Òrale, Sept. 7–9; The Lost Art of Dreaming, Sept. 29–Oct. 1; Forgetting Tree, Nov. 3–5
Z Space, San Francisco

Dance-driven, genre-exploding work comes to Z Space with a trio of radical performances. First up is Òrale, a mini-festival of pieces directed by David Herrera Performance Company with an exciting who’s-who of nationally recognized Latinx dance-makers, with live music provided by the excellent El Vez and the Memphis Mariachis. Next, Sean Dorsey Dance encores The Lost Art of Dreaming — a visually stunning and emotionally ecstatic work, setting its sights on a future of love and collective liberation, expressed through a choreography of queer trans and non-binary bodies. Finally, Queer Cat Productions and Openhaus Athletics install a “consent-forward” interactive and ecologically-engaged experience called Forgetting Tree in Z Space’s spacious lobby. Curated and created by Jes DeVille, this work promises to stimulate all of the senses — most especially that of the revolutionary within.

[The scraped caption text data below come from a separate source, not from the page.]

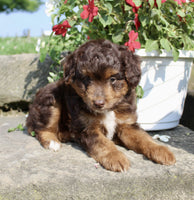  Mini Aussiepoo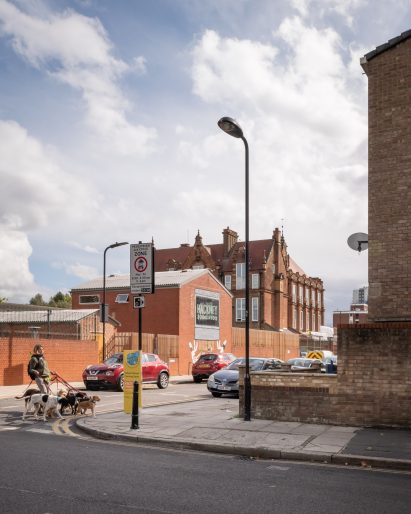 Dog walker on street in Hackney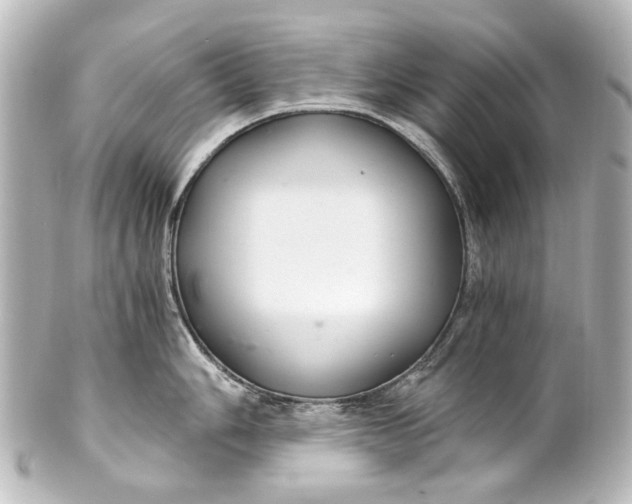 X0000101441006200807281018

a group of dancers in colorful clothes pose inside a trolley with green seats
Kim Epifano and dancers on a trolley during the annual San Francisco Trolley Dances. (Amani Wade)

San Francisco Trolley Dances: 20th Anniversary Edition

Oct. 21–22, 2023
One Bush Plaza, various locations in San Francisco

Sponsored

There’s simply nothing like the combination dance festival-urban exploration known as Trolley Dances. This year, the San Francisco treat returns to where it all began 20 years ago — on the iconic F-Market line. Starting at One Bush Plaza with Nava Dance Theatre, then hopping on and off the F-Market train en route to Fisherman’s Wharf, audience members will encounter such Bay Area dance luminaries as Blind Tiger Society, Jennifer Perfilio Movement Works, Kinetech Arts, Loco Bloco and artistic director Kim Epifano’s own company, Epiphany Dance. A highlight of the event will be a piece choreographed by San Diego dance legend Jean Isaacs — the originator of the Trolley Dance concept back in 1997.